The Walk follows the story of Philippe Petit who, as a boy, sneaks into the circus and is transfixed by the high wire performers. The skill, the daring do, the showmanship. He has to learn how they achieve this amazing feat. This chance glimpse of another world leads him on a trajectory from a rope around two trees, through performing in the streets of Paris, to walking between the World Trade Centre Towers.

This is a story about ambition, following your dreams and making them reality no matter what. Anything is possible if you just believe.

We first see Philippe stood on the Statue Of Liberty as an adult regaling us with his audacious tale. This framing device is used throughout the film and is a constant distraction along with the narrative that stems from theses scenes.
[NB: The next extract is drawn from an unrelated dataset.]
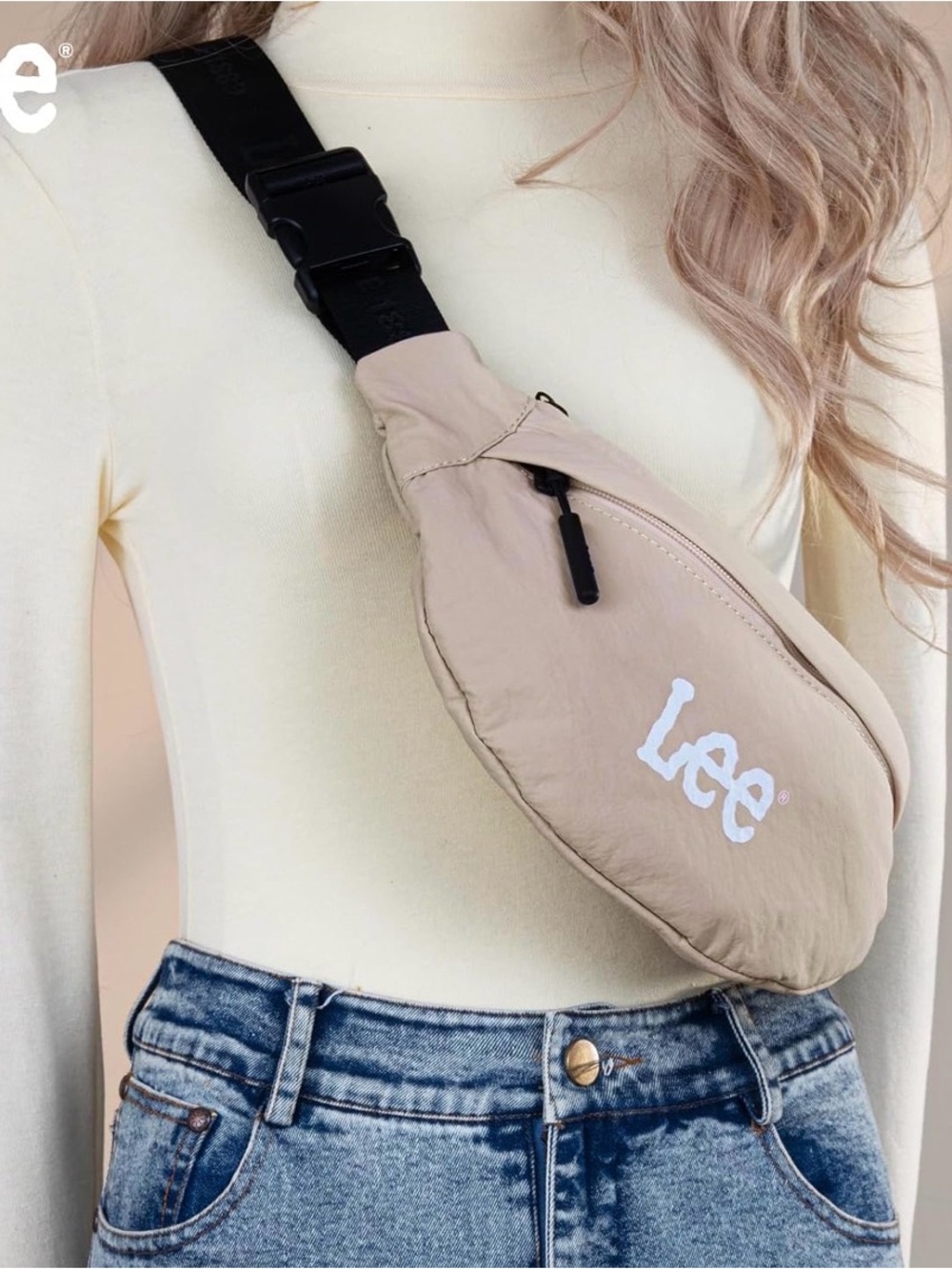 brand new Lee fanny pack travel women Tan Crossbody Sling Bag khaki Black Strap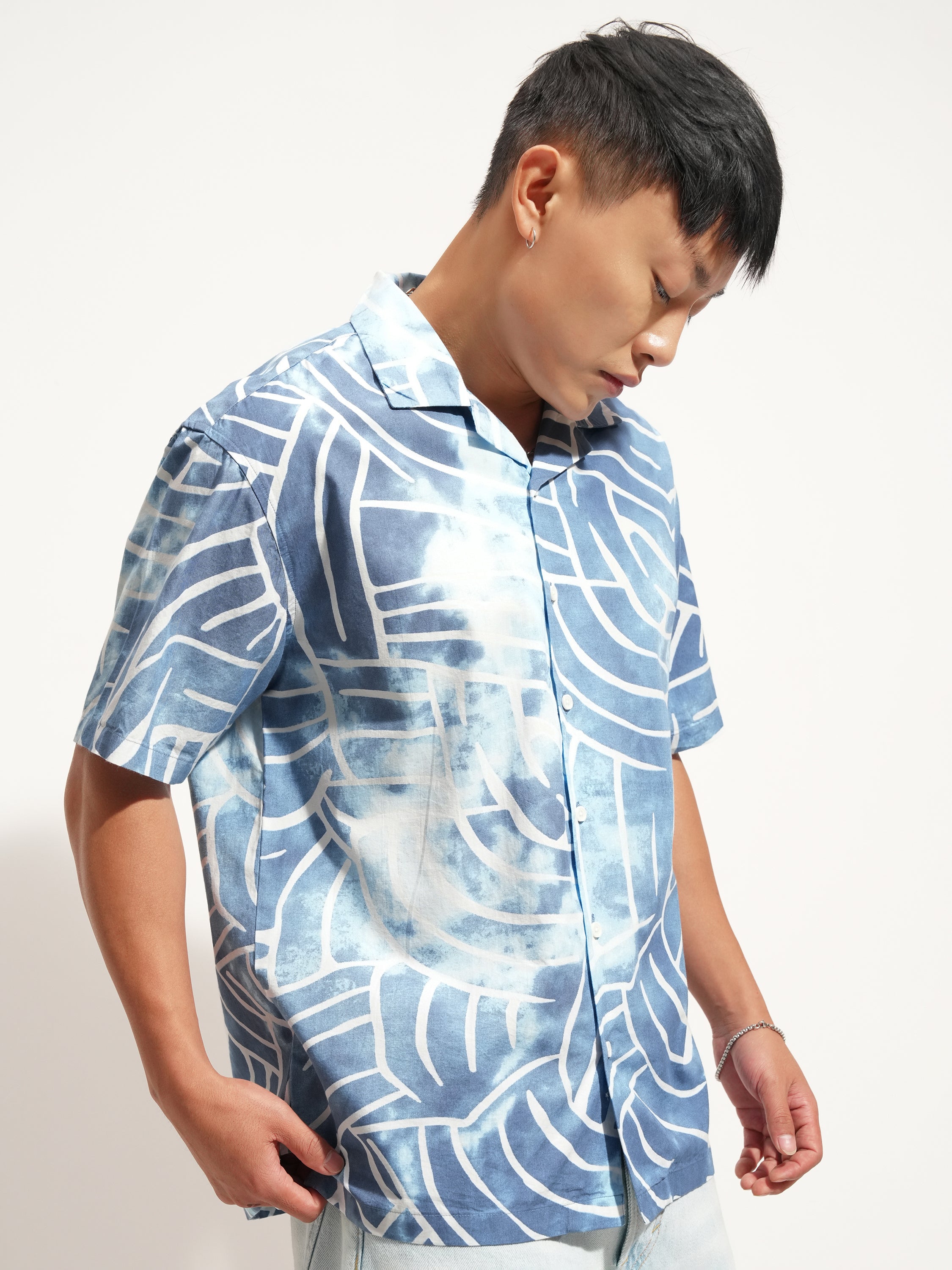 Highlander Men Blue Printed Relaxed Fit Casual Shirt - Blue - Image 6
It pulls you away from the film sometimes at moments of high tension, when they’re hiding from guards in the tower or when Philippe starts his life changing walk between the towers. This would be much better left to the audience’s imagination, let them fill in the gaps rather than pulling them out with unnecessary narration.
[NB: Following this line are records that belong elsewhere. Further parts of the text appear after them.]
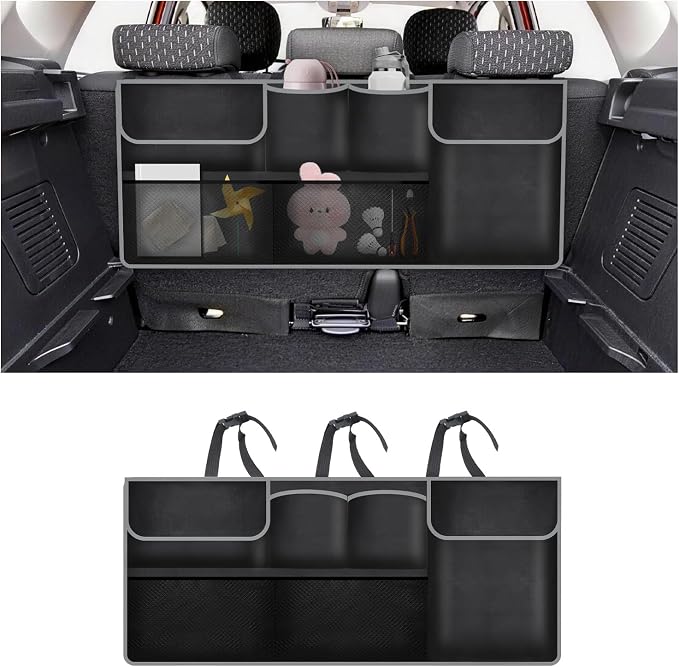 Hanging Trunk Organizer,Large Capacity SUV Trunk Organizer for Storing Umbrellas/Phones/Handbags,Universal Space Saving Car Trunks Storage Organizers with Adjustable Straps
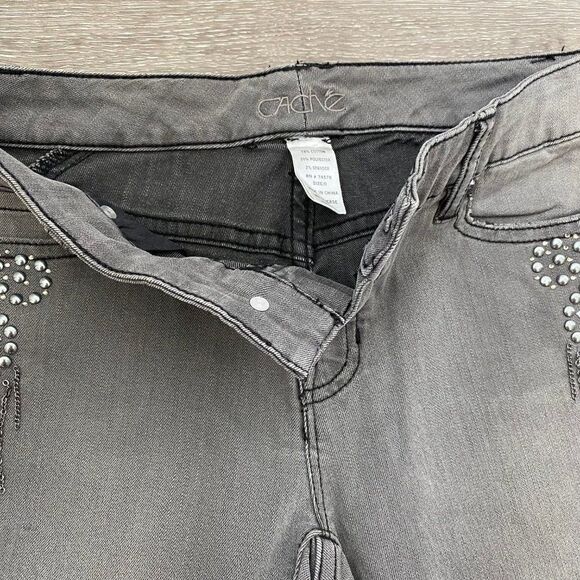 Cache Gray Straight Leg Embellished Beaded Jeans SZ 0 - Picture 6 of 11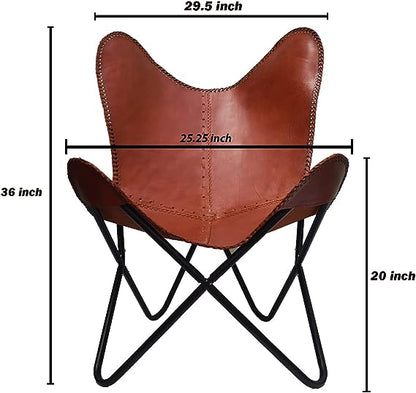 Leather Butterfly Chair-Handmade with Powder Coated Folding Iron Frame (Cover with Folding Frame) (Black Frame) (TAN)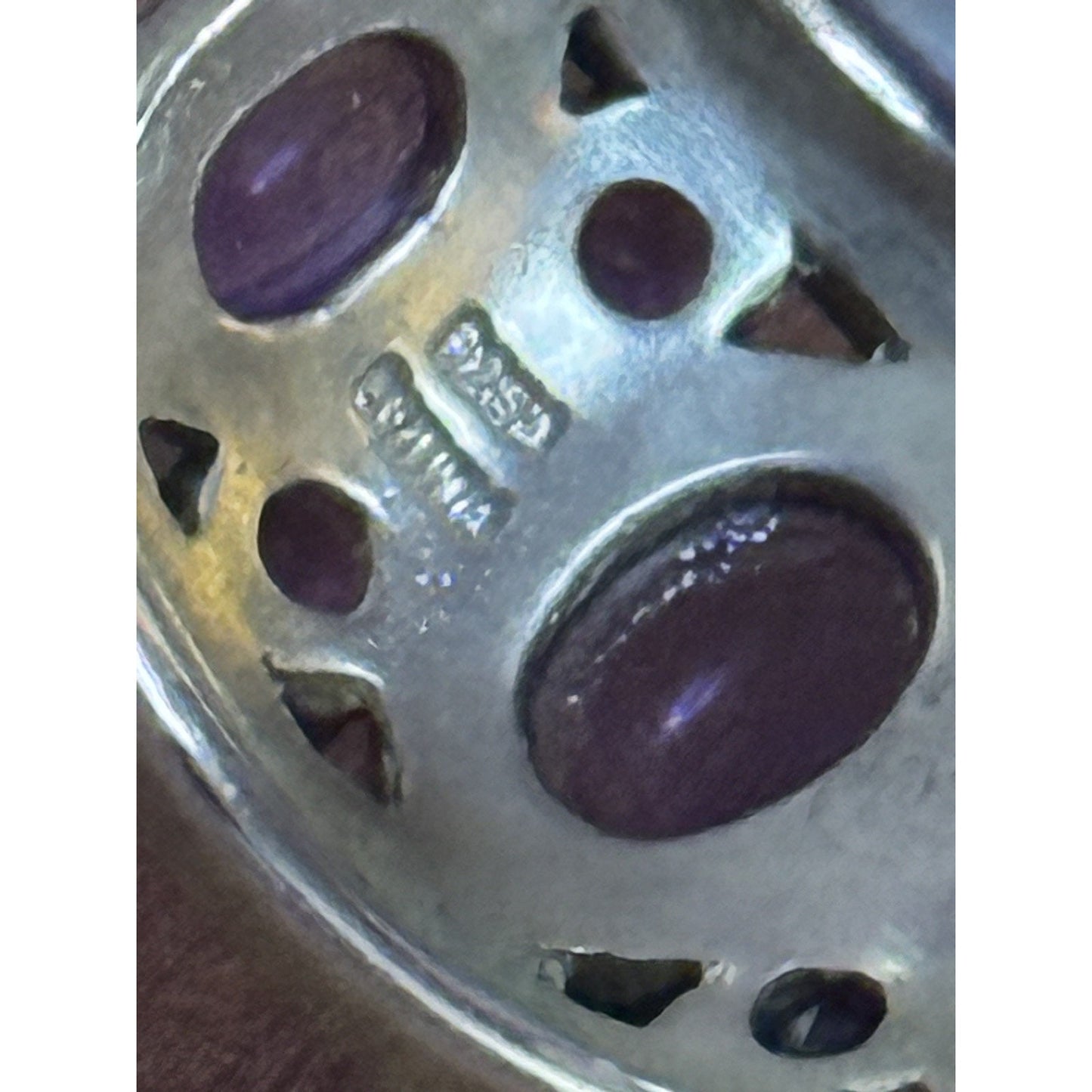 Vintage 925 Sterling Silver Amethyst Multi Stone Cabochon Ring Size 8 8.5 gr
At times it feels that visual effects are used because they can be, rather than to drive the narrative forward or emphasise a point. This can be seen when we catch up with Philippe in Paris, nearly all the colour is drained out of the frame except for certain items such as the food on the table at a Parisian cafe. Why? I will never know.

The cast do well with what they’re given, Joseph Gordon-Levitt’s French accent seems strange at first but you do get used it as the film goes on. You can measure his commitment to the role by the fact that he learnt to walk the wire for real. The rest of the cast, bar Ben Kingsley’s Papa Rudy, are just there. Kingsley gets more to work with as he possesses the knowledge that Philippe needs to fulfil his dream. We never find out what motivates them to follow Philippe and essentially collaborate in criminal acts. Even he points out during the film he’s not the easiest person to get along with! The supporting cast are two dimensional, the focus is completely on Philippe.

The walks, oh the walks are truly breathtaking, tension filled scenes of bravery, madness, pushing yourself to the limit. The camera swirls around Philippe, closing in on the concentration and determination palpable on his face, his feet slowly making their way along the wire suspended in the heavens. These sequences, especially the final walk between the towers, give you a real sense of scale leaving you breathless as if you were on the wire with him. The audacity and the drive of the man all come together in one glorious wire walk above the streets of New York.

As much as this is a about Philippe Petit, it’s about the World Trade Centre. What it meant to people, what it inspired and how nothing stays the same however much we dream. The dream surrounding the building of the towers was as much as Philippe’s dream of walking between them. They stood for a different world for the one we live in today.

The film is bittersweet for all his achievements, he will never have that feeling again. The exhilaration of walking out into the void above us all where no man is meant to be. Forever never lasts forever.